Italian Basil - [Sweet Basil,
Medeterranean Basil, Ocimum basilicum (Mint family)]
This Basil is universally called for in European and American recipes.
It is easy to grow in season and has decent keeping properties (almost a
week if treated well). It is more aromatic and less sharp than
Thai Purple Basil but the two can be used interchangeably
in a pinch. I've used Thai Purple to make Italian Pesto because I can get it
cheap at ethnic groceries while Italian Basil can cost several dolars an
ounce in the supermarkets.
Thai Basil - [Ocimum canum]
A perennial basil grown in Thailand and recently brought to Europe
but not yet popular in the U.S.. It's flavor is strong but less pleasant
than other Thai Basils (see below).
Thai Lemon Basil - [O. citriodorum]
One of the basils common in Southern California and labeled "Thai Basil".
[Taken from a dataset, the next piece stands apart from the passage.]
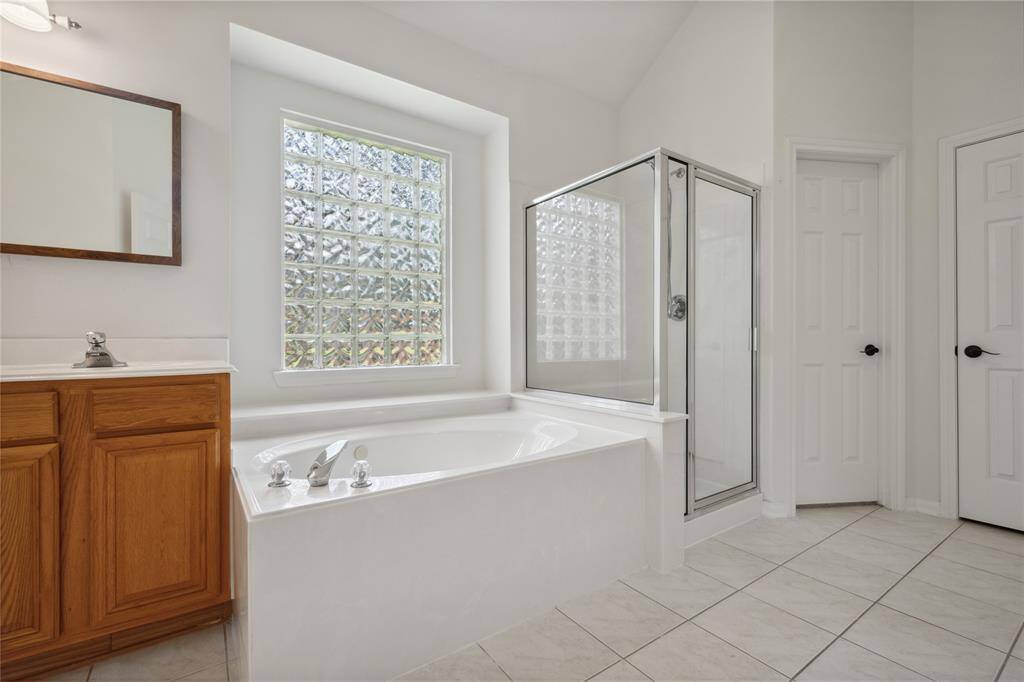 Bright and spacious bathroom featuring a large soaking tub, separate glass-enclosed shower, and a wooden vanity with a mirror. The space is enhanced by a glass block window, providing natural light and privacy.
It is characterized by a citrus fragrence, smaller light green pointed leaves
of a relatively light flavor and bad keeping properties (about 2 days
if you take good care of it). It often alternates with Thai
Purple Basil in the stores. The stronger more aromatic flavor of the
purple is better for most Thai cooking, the Lemon Basil for salads.
Thai Purple Basil - [Bai Horapha (thai),
Hung Que (viet), Ocimum basilicum]
Becoming quite common in Southern California now, this basil has good
flavor and reasonable keeping properties (almost a week if treated well).
In general the leaves are dark green with only a hint of purple, and the
stems are distinctly purple but there are also all-green varieties.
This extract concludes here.